Where Section 13D Applies
13D works when the fund itself is located outside Singapore, but investment management is transferred to Singapore. Typical structures include Cayman LP, BVI Limited, foreign trust, Delaware LP, or comparable offshore structures.
This is a regime for foreign funds. Singapore funds (VCC, Pte. Ltd., or LP with SG residency) fall under Section 13O / 13U and VCC. If the fund remains foreign but is managed from Singapore through a CMS-licensed manager, VCFM, or other permissible Singapore-based fund manager, 13D provides a safe harbour from Singapore tax on investment income.
Practical trade-off: 13D allows management and banking/custody to be conducted through Singapore without re-domiciling the fund, but the offshore fund itself typically does not become a Singapore tax resident and does not receive full DTA protection from Singapore.
Regulation
The primary legislation is the Income Tax Act 1947, Section 13D. Working details are set out in the Income Tax (Exemption of Income of Prescribed Persons Arising from Funds Managed by Fund Manager in Singapore) Regulations 2010.

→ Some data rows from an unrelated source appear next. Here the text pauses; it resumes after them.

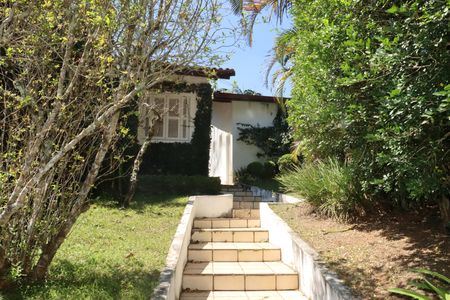 Casa de condomínio para alugar com 456m², 5 quartos e 8 vagasÁrea Externa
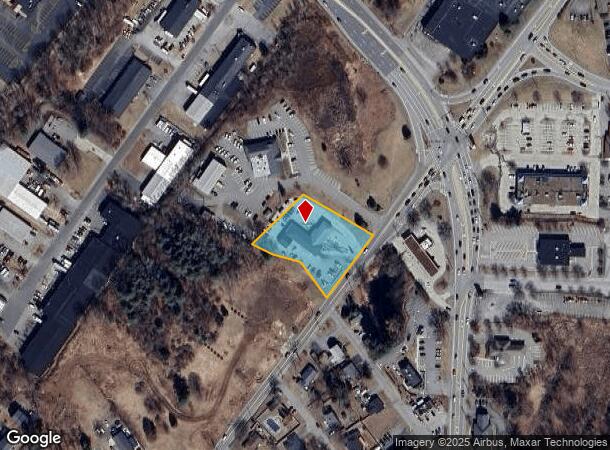 20 Folsom Rd, Derry, NH Parcel Map
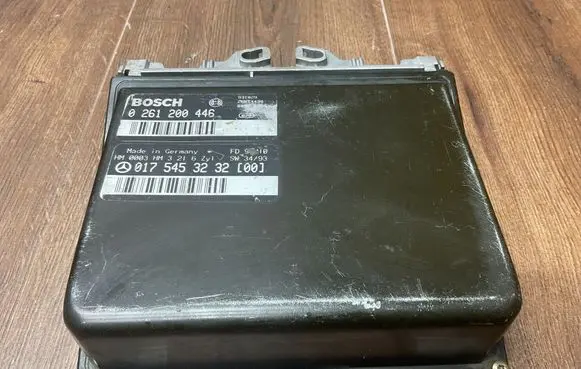 Mercedes-Benz S W140 Engine control unit/module ECU 0175453232 0261200446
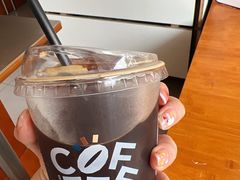 -有趣人类咖啡(永庆坊店)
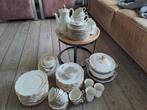 Oud Servies Compleet, Ophalen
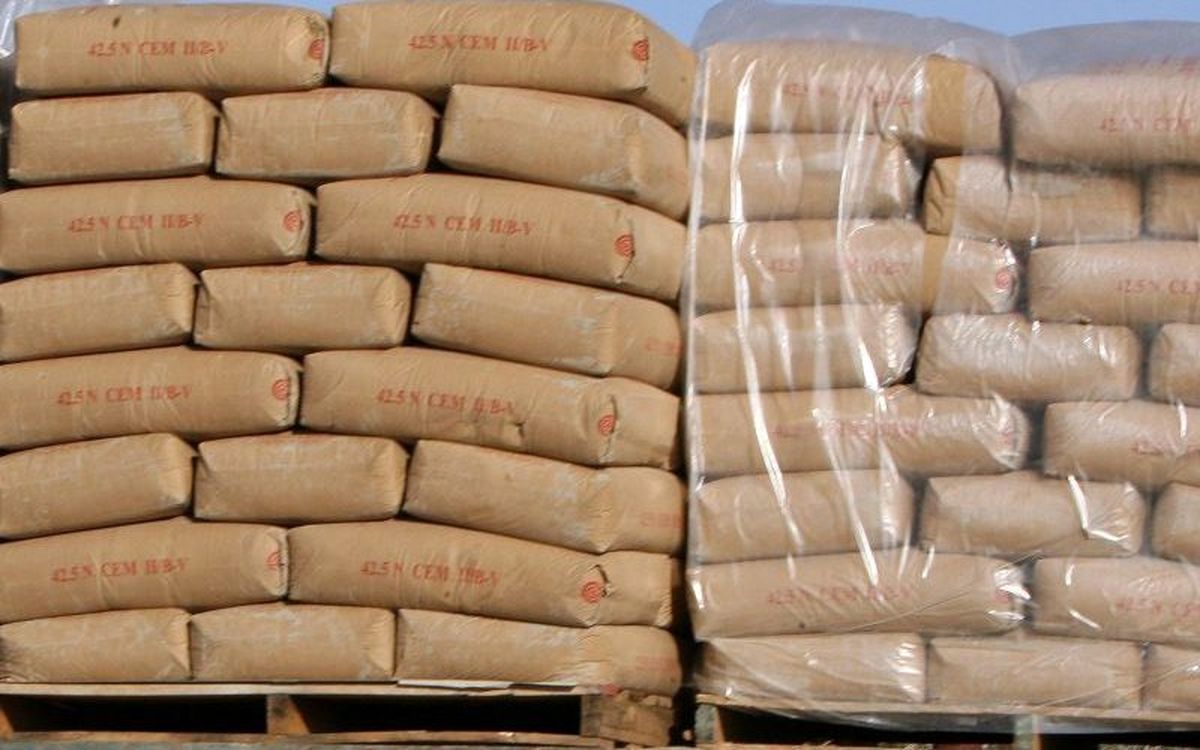 صادرات سیمان هیچ ربطی به گرانی قیمت ندارد/ مگر موادش از خارج وارد می شود که سوبسید می خواهند؟
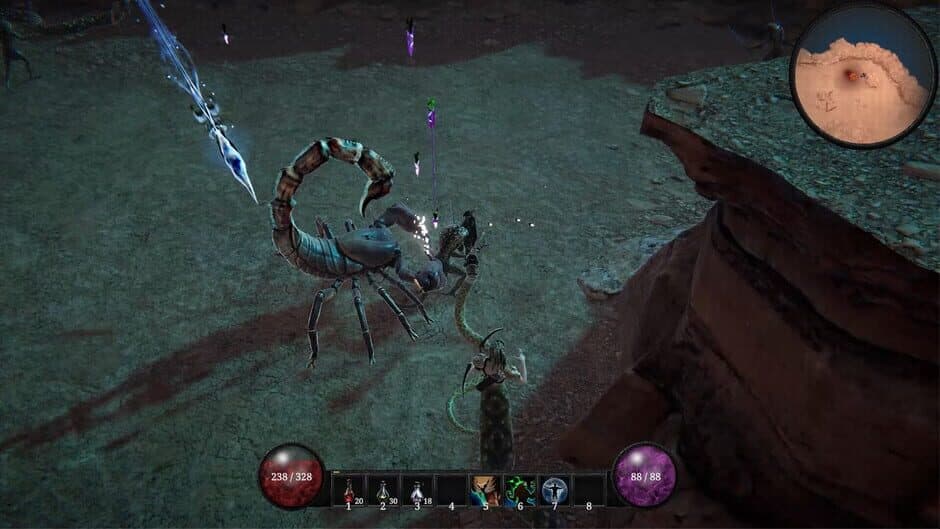 Скриншот 1 из Unseen Land: Into the Mist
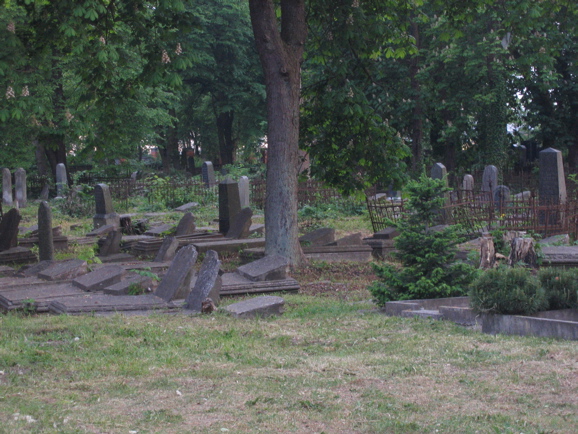 Liepaja Jewish Cemetery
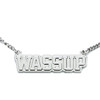 WASSUP-LOGO项链 商品缩略图0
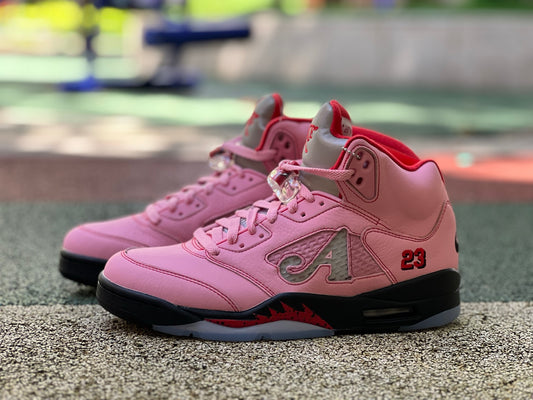 DJ Khalid x Air Jordan 5 OG SP "We The Best" DV4982-600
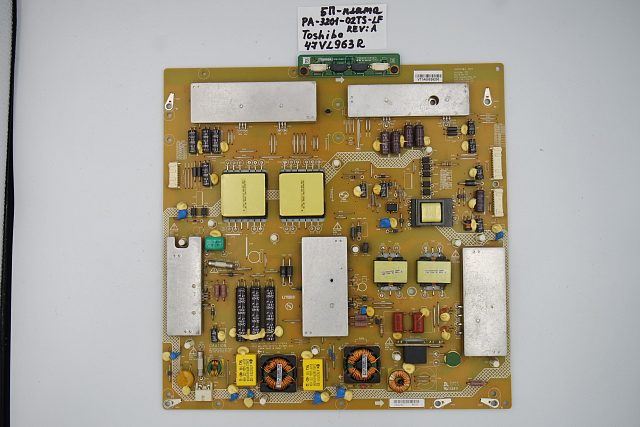 Блок питания PA-3201-02TS-LF REV:A TOSHIBA 47VL963R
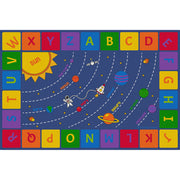 Solar System - Rectangle Small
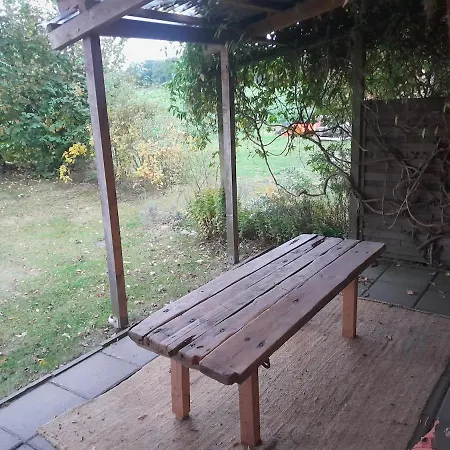 Charming House With Garden And Wood Stove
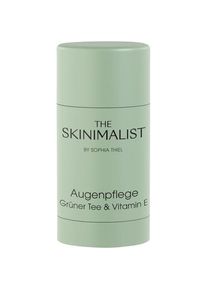 The Skinimalist Gezicht Oogzorg Oogcrème Dames 6 g
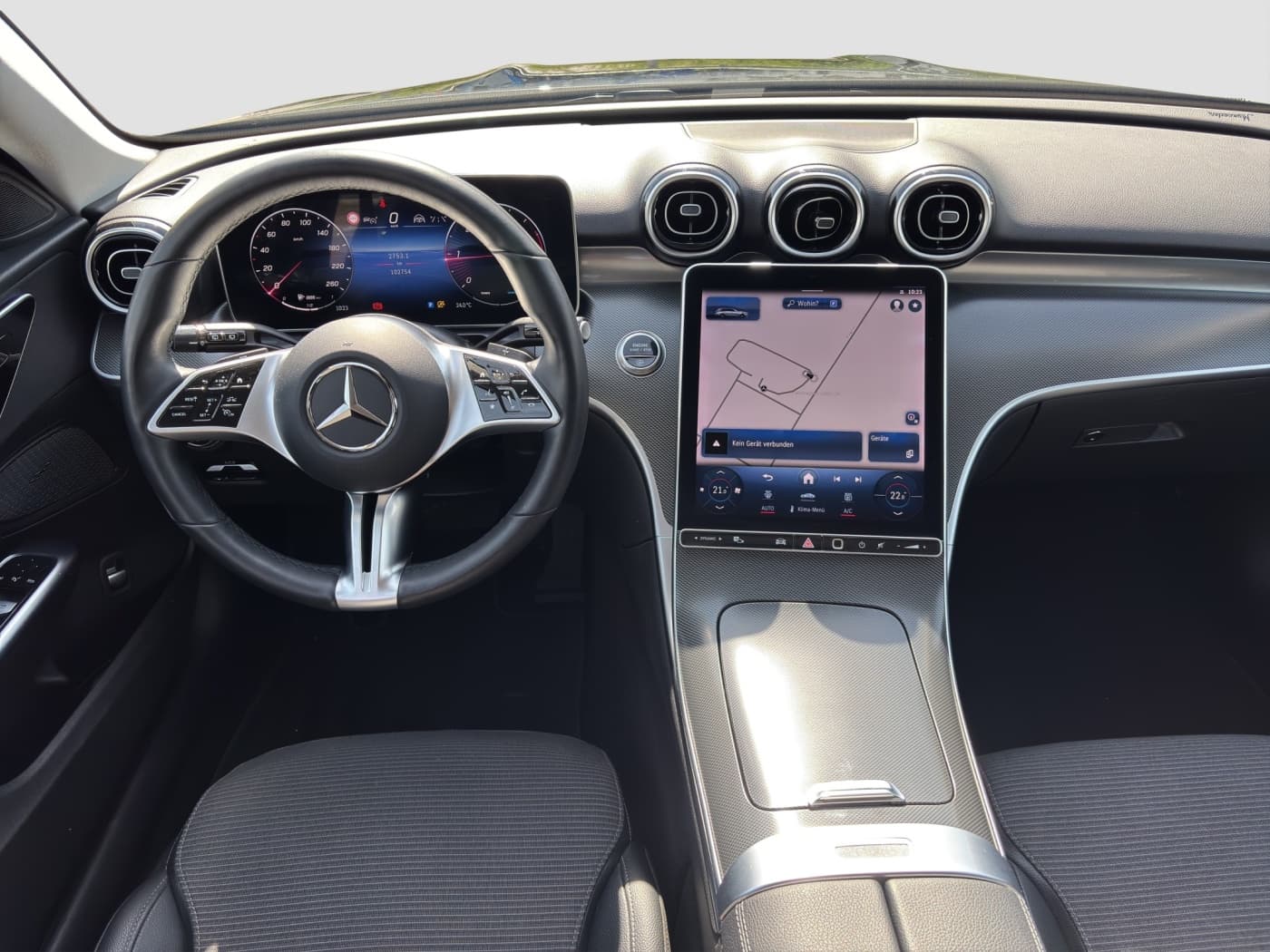 Mercedes-Benz C 220 d 4M T Bild 9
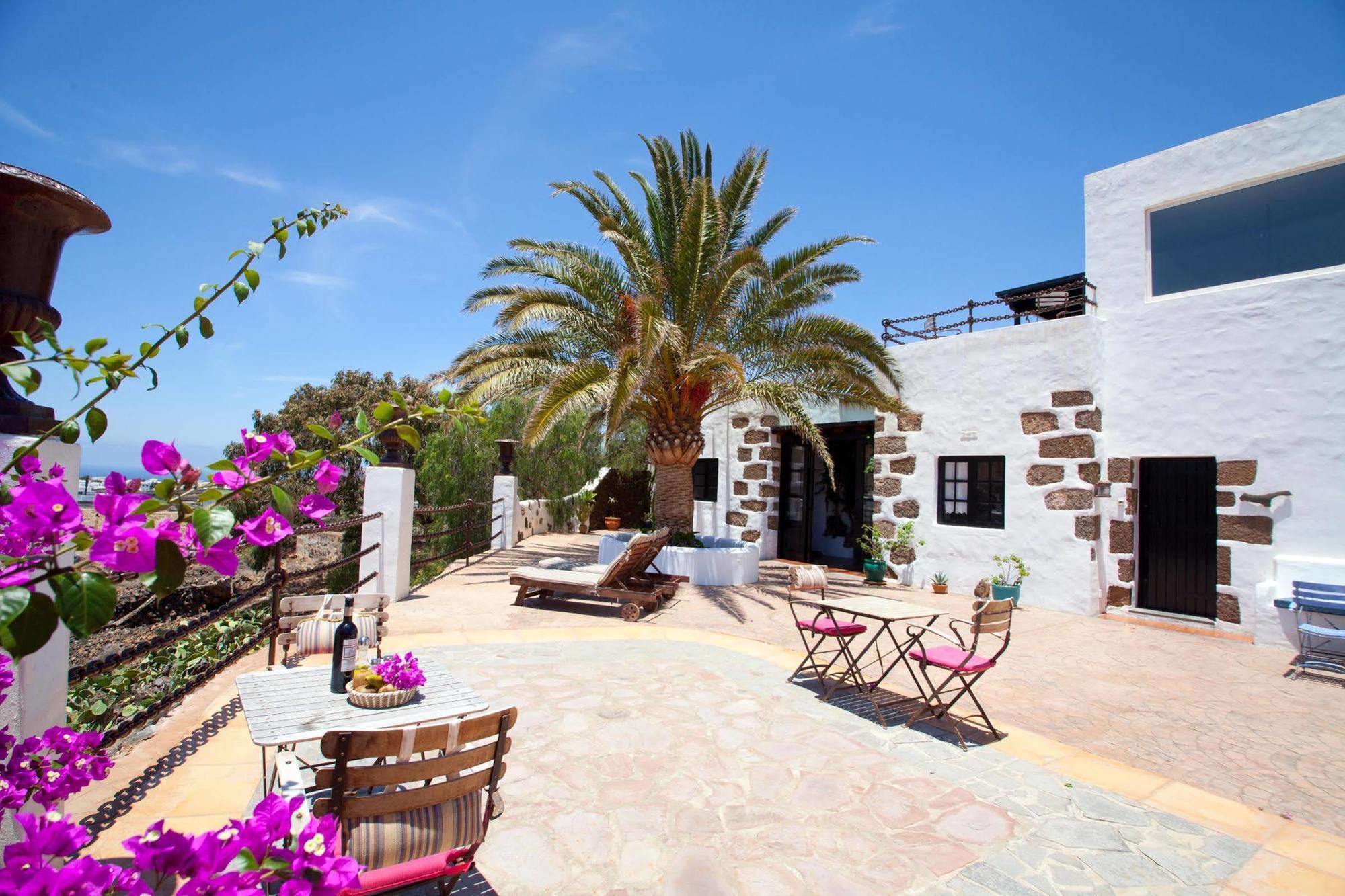 Casa De Hilario Hotel Yaiza Kültér fotó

The Regulations define prescribed person, specified income, designated investments, the 30/50 rule, and financial penalty. The Amendment Regulations 2025 clarified Schedule 5 for designated investments for income from 19 February 2022 and harmonized AUM and local business spending requirements with 13O / 13U.
Official guidance is available from IRAS Specific topics and MAS Fund Tax Incentive Scheme.
Eligibility: Four Conditions
1. Prescribed person
An offshore fund vehicle that does not carry on business in Singapore and does not have a permanent establishment in Singapore. Management through an independent Singapore-based fund manager under an investment management agreement should not create a permanent establishment of the fund—this is the logic of the safe harbour.
Conditions: the fund is not a Singapore tax resident; the fund has no office, employees, or dependent agent in Singapore; the fund does not conduct operational business in Singapore; assets have not been artificially transferred from a Singapore business to an offshore fund.
2. Singapore-based fund manager
A Singapore company with the right to manage investor funds: a fund manager with a Capital Markets Services Licence, a licensed VCFM, a relevant licensing exemption, or a Registered Fund Management Company within a permissible regime.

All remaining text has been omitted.